### RECORDS TO USE
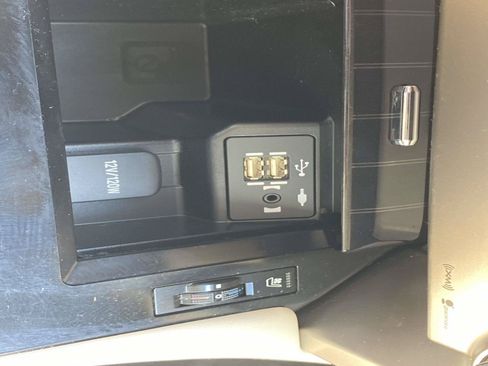Used 2020 Lexus GX 460 Premium w/ Premium Package AWD/4WD image 32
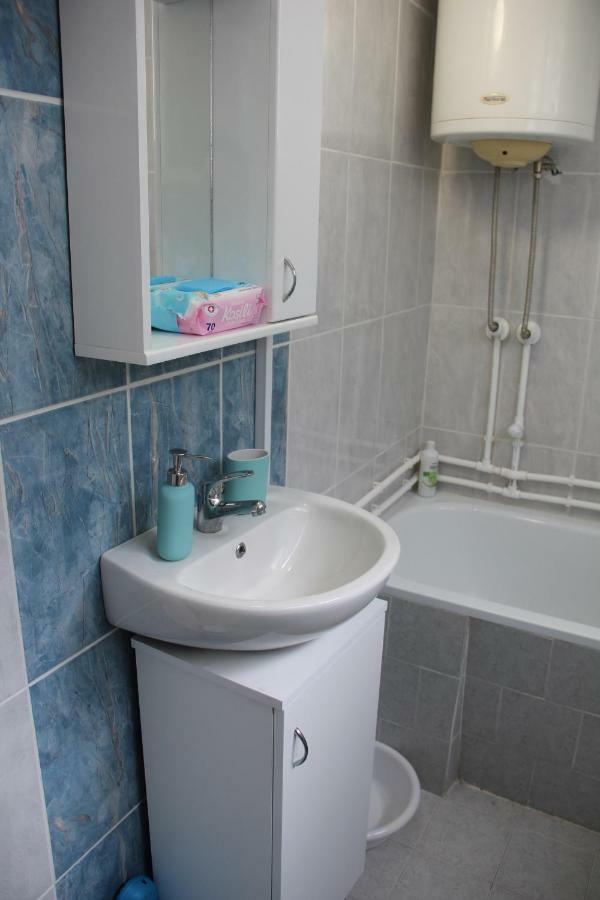 Apartman Kej Pirot Exterior photo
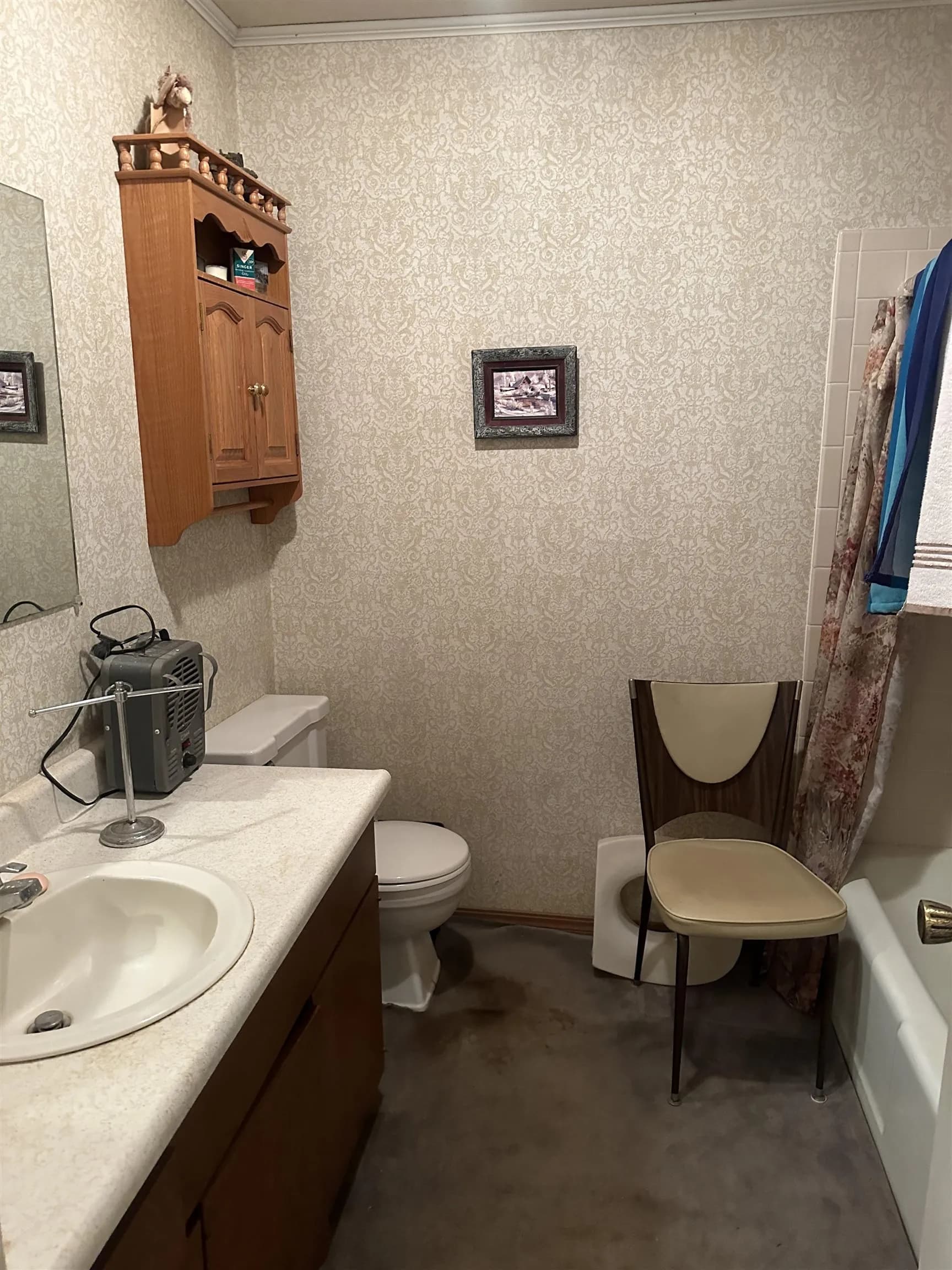 Property at 57  Felkins - Image 15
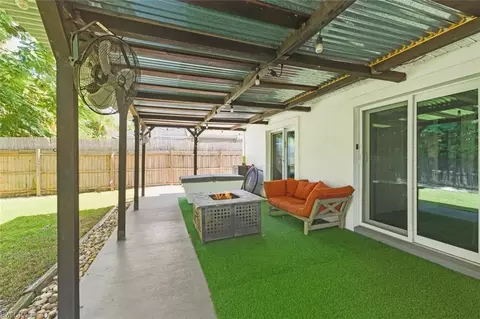 Exterior - 809 101st Ave N, Naples, FL 34108 photo 7 of 14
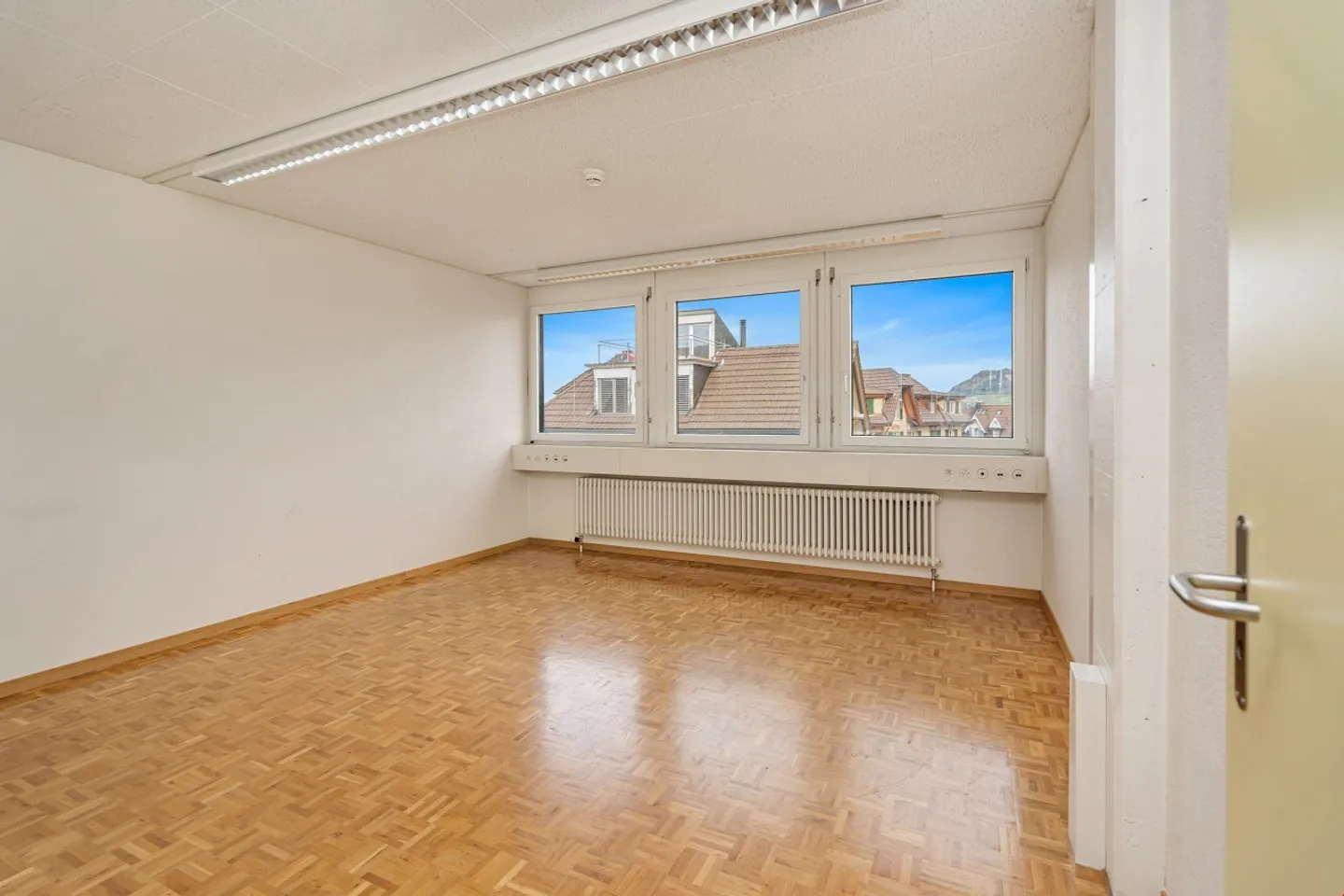 Versatile Business Location for Your Business in Bern - Photo 3 of 7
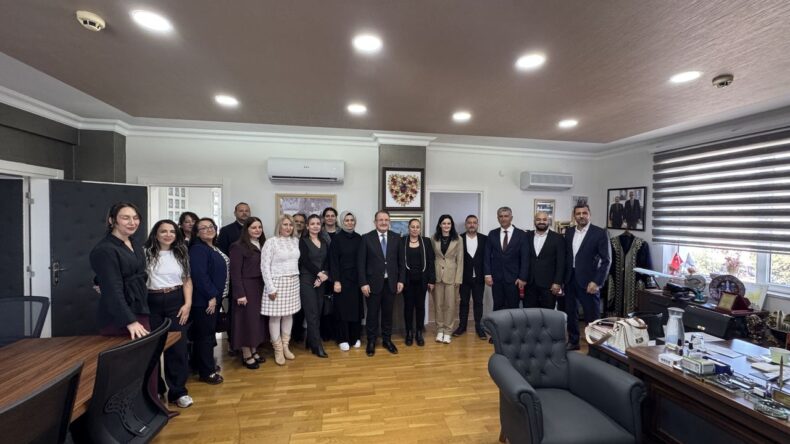 Antalya İl Sağlık Müdürü Özkan’a Sürpriz Doğum Günü Kutlaması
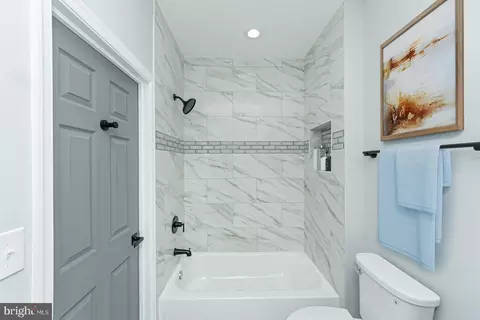 2323 E Madison St, Baltimore, MD 21205 photo 9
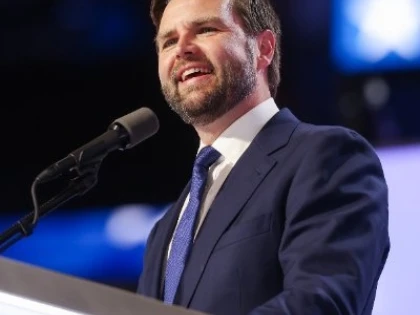 Bloomberg: JD Vance datorează scuze României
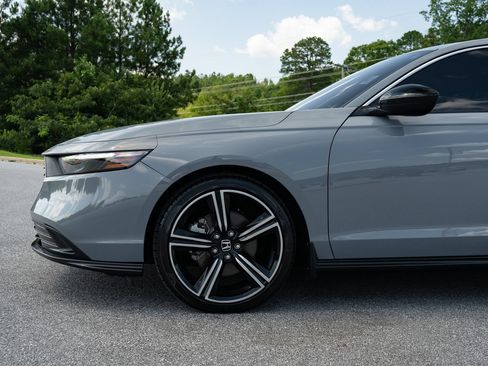 Used 2023 Honda Accord Sport image 4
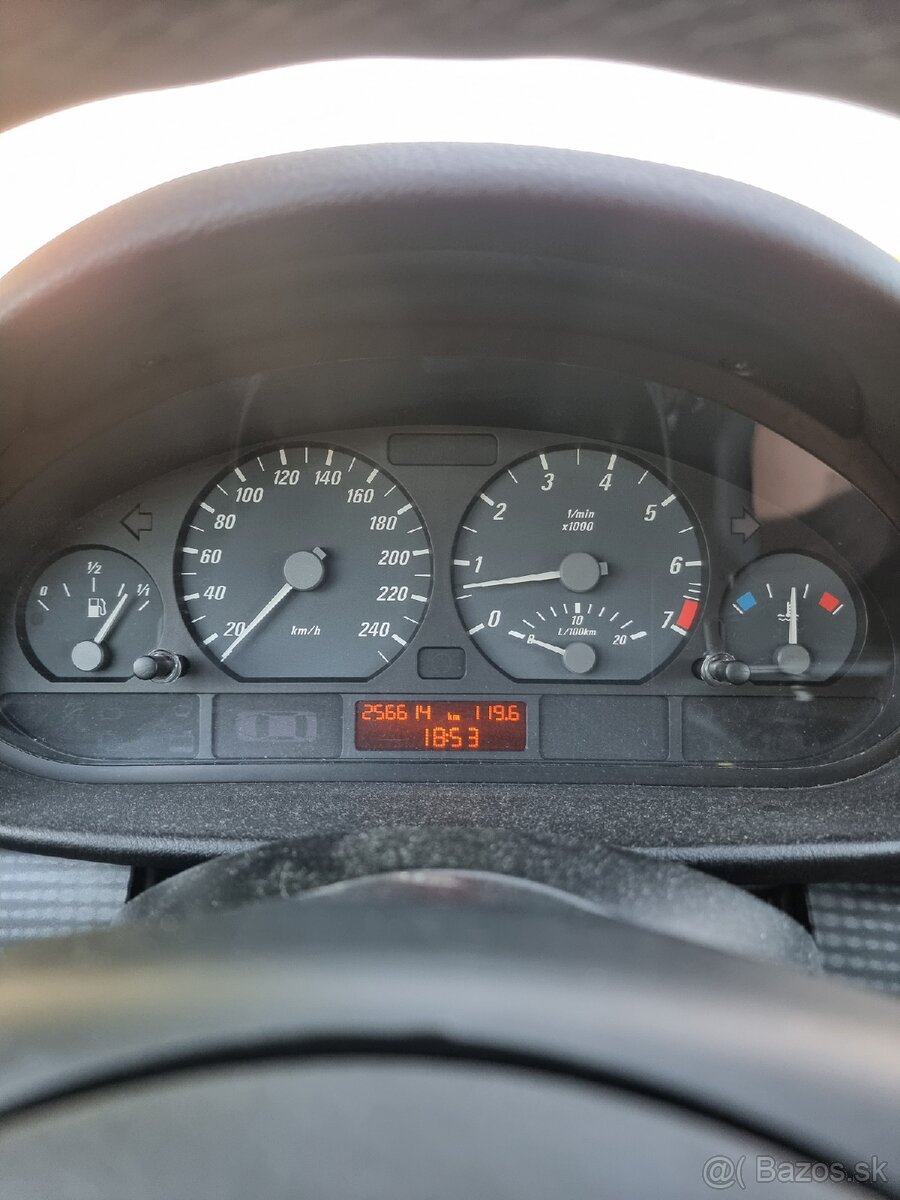 BMW E46 320ci - 12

### WORK TO BE COMPLETED
Look for the line that contains "Apartman Kej Pirot Exterior photo", then please copy it and the rest of the lines through the end of the data, pictures excluded.

### WRITTEN SOLUTION
 Apartman Kej Pirot Exterior photo
 Property at 57  Felkins - Image 15
 Exterior - 809 101st Ave N, Naples, FL 34108 photo 7 of 14
 Versatile Business Location for Your Business in Bern - Photo 3 of 7
 Antalya İl Sağlık Müdürü Özkan’a Sürpriz Doğum Günü Kutlaması
 2323 E Madison St, Baltimore, MD 21205 photo 9
 Bloomberg: JD Vance datorează scuze României
 Used 2023 Honda Accord Sport image 4
 BMW E46 320ci - 12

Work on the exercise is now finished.